- WORK REQUIRED: Omit all pictures and give the records below again exactly as written.

- DATA FOR THIS TASK:
★ ★ ★

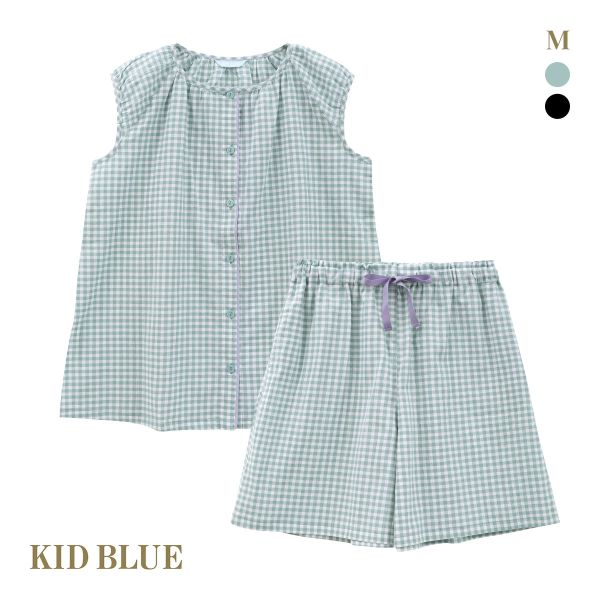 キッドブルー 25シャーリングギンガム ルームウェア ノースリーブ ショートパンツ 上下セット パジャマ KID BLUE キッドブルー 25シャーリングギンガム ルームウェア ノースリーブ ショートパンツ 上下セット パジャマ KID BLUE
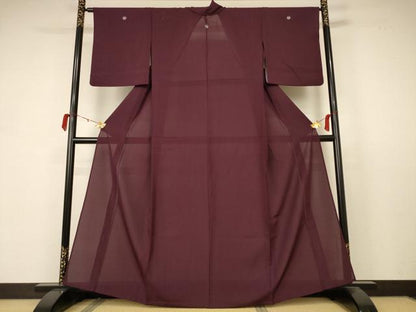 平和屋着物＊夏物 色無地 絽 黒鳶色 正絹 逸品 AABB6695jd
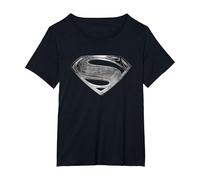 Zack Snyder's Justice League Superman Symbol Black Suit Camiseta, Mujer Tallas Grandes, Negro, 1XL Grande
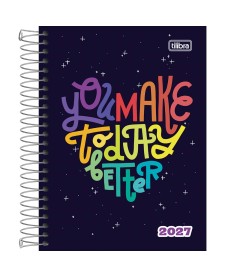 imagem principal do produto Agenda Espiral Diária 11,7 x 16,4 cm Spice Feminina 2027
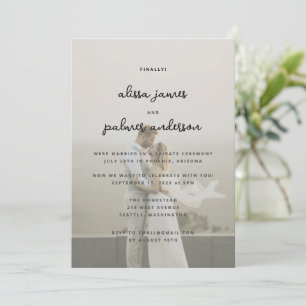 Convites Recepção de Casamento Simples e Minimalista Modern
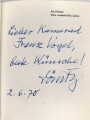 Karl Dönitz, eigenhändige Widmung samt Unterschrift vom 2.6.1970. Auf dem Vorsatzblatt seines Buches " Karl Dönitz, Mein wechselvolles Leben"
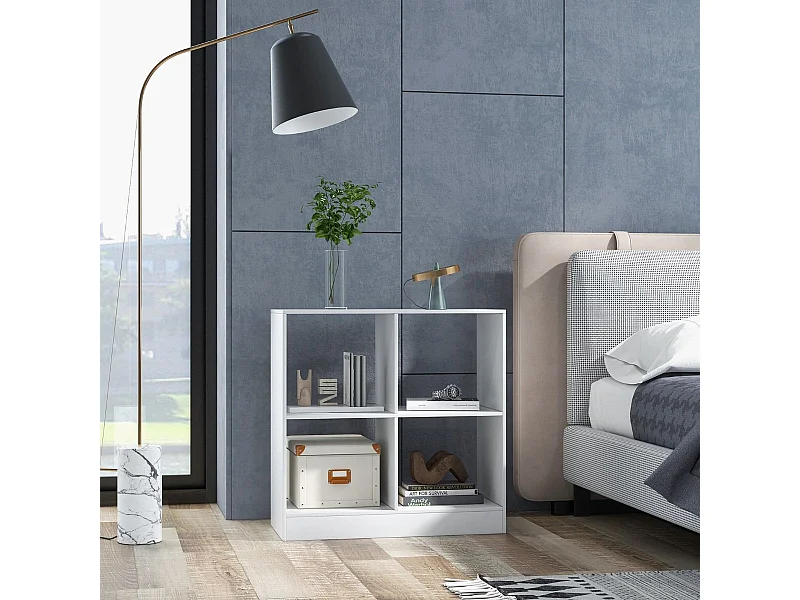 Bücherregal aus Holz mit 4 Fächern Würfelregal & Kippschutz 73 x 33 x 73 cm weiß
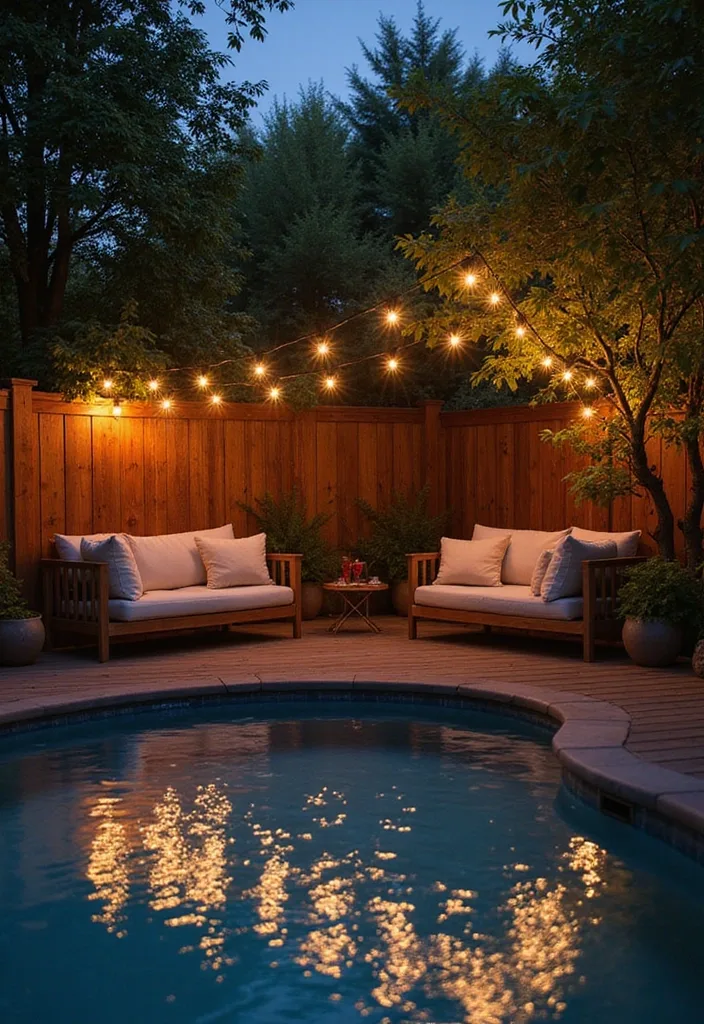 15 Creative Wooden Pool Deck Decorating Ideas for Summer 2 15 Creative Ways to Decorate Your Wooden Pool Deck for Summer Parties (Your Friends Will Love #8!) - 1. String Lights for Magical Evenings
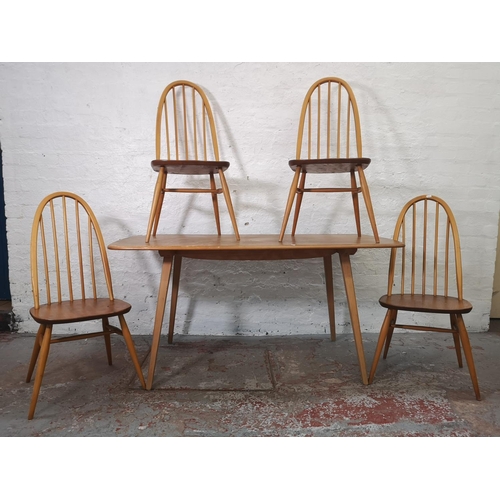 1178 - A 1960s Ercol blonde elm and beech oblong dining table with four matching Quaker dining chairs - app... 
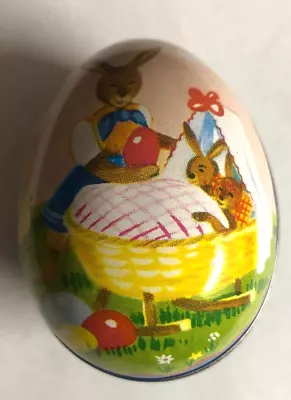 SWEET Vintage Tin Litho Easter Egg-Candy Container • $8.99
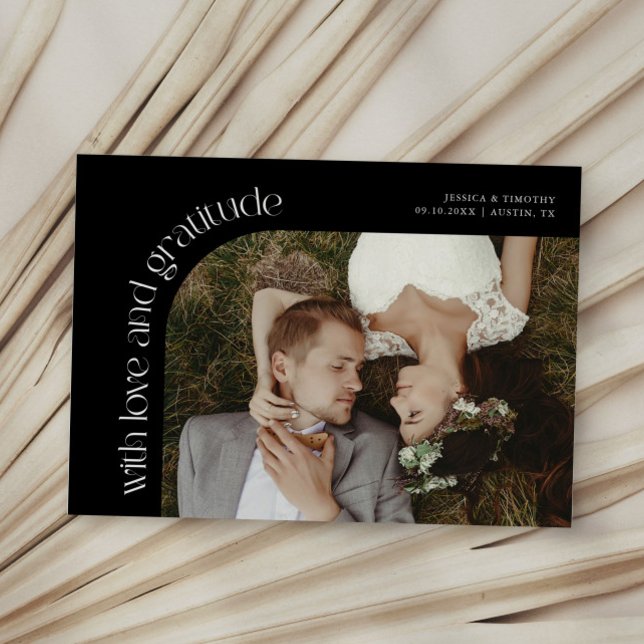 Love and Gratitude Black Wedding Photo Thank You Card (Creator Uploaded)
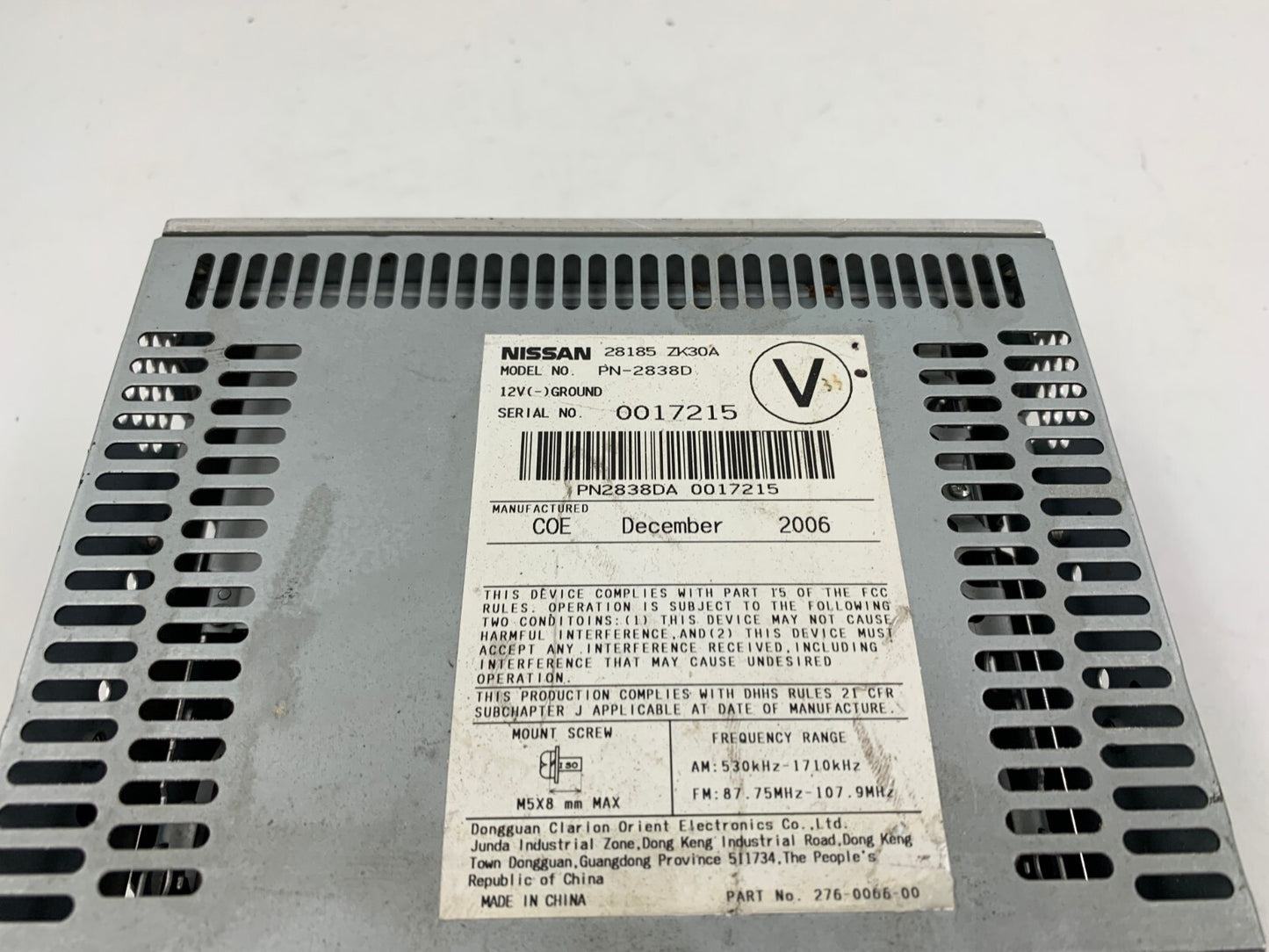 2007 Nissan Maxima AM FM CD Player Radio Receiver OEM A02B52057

★ ★ ★

- FINISHED TASK:
 キッドブルー 25シャーリングギンガム ルームウェア ノースリーブ ショートパンツ 上下セット パジャマ KID BLUE キッドブルー 25シャーリングギンガム ルームウェア ノースリーブ ショートパンツ 上下セット パジャマ KID BLUE
 平和屋着物＊夏物 色無地 絽 黒鳶色 正絹 逸品 AABB6695jd
 Zack Snyder's Justice League Superman Symbol Black Suit Camiseta, Mujer Tallas Grandes, Negro, 1XL Grande
 imagem principal do produto Agenda Espiral Diária 11,7 x 16,4 cm Spice Feminina 2027
 Convites Recepção de Casamento Simples e Minimalista Modern
 Karl Dönitz, eigenhändige Widmung samt Unterschrift vom 2.6.1970. Auf dem Vorsatzblatt seines Buches " Karl Dönitz, Mein wechselvolles Leben"
 Bücherregal aus Holz mit 4 Fächern Würfelregal & Kippschutz 73 x 33 x 73 cm weiß
 15 Creative Wooden Pool Deck Decorating Ideas for Summer 2 15 Creative Ways to Decorate Your Wooden Pool Deck for Summer Parties (Your Friends Will Love #8!) - 1. String Lights for Magical Evenings
 1178 - A 1960s Ercol blonde elm and beech oblong dining table with four matching Quaker dining chairs - app... 
 SWEET Vintage Tin Litho Easter Egg-Candy Container • $8.99
 Love and Gratitude Black Wedding Photo Thank You Card (Creator Uploaded)
 2007 Nissan Maxima AM FM CD Player Radio Receiver OEM A02B52057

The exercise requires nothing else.